**Problem**. From the entries below, reproduce exactly the lines from the one with "Imagen de la" through the one with "电感式接近开关 II5488 询价", both included, without images.
BEGIN Records for the task
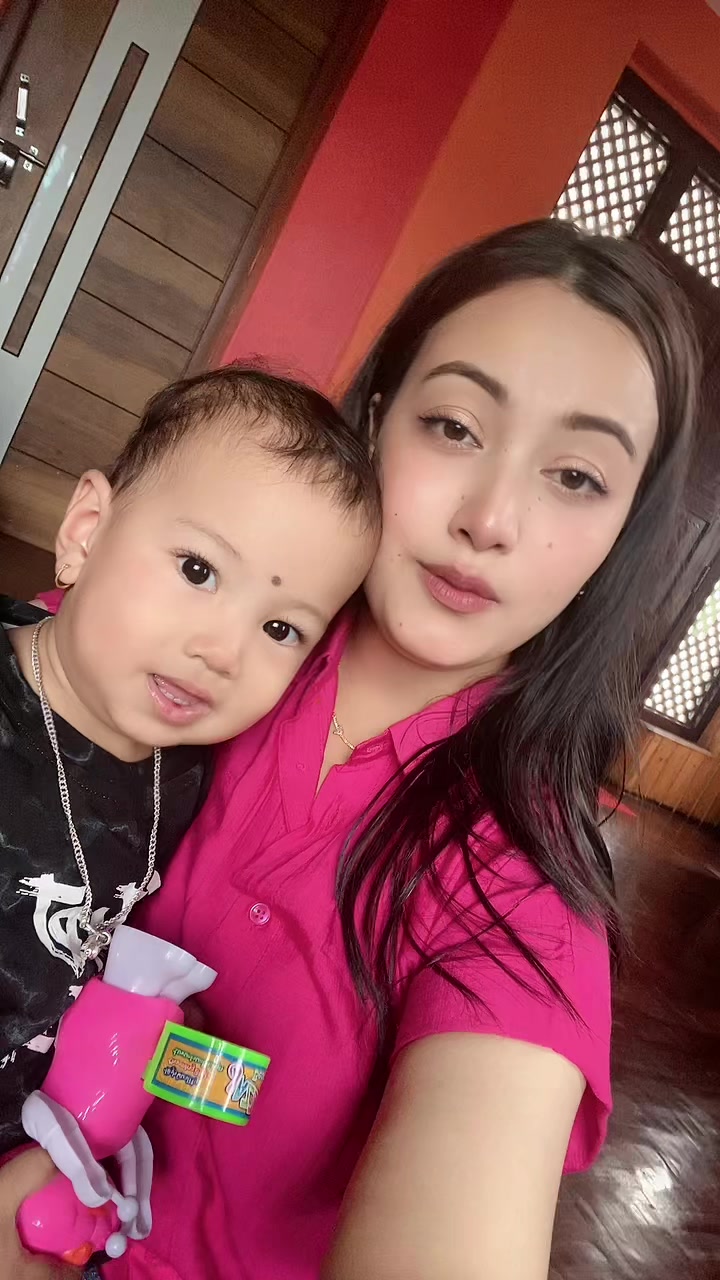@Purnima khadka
END Records for the task
BEGIN Records for the task
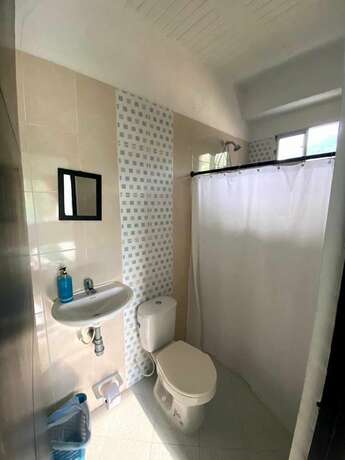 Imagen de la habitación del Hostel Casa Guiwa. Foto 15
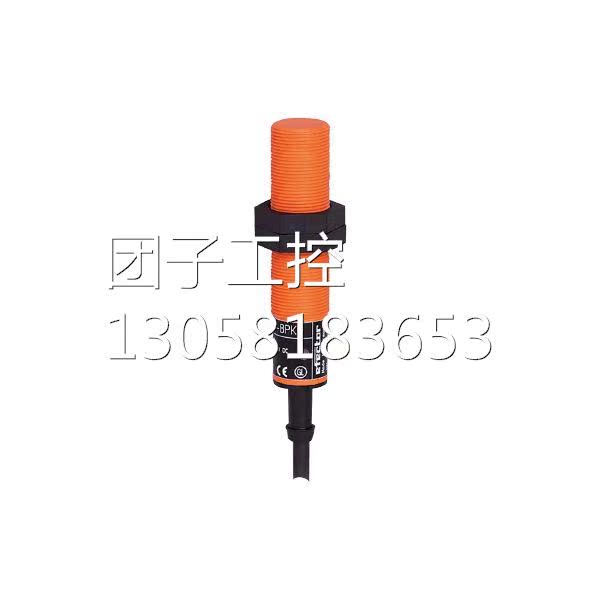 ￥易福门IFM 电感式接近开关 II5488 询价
END Records for the task
BEGIN Records for the task
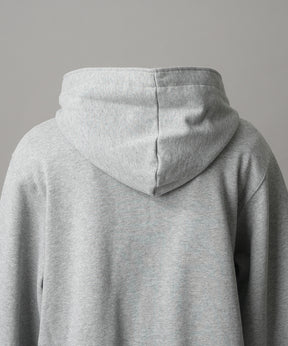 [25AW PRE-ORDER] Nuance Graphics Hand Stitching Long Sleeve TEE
END Records for the task
**Written solution**.
 Imagen de la habitación del Hostel Casa Guiwa. Foto 15
 ￥易福门IFM 电感式接近开关 II5488 询价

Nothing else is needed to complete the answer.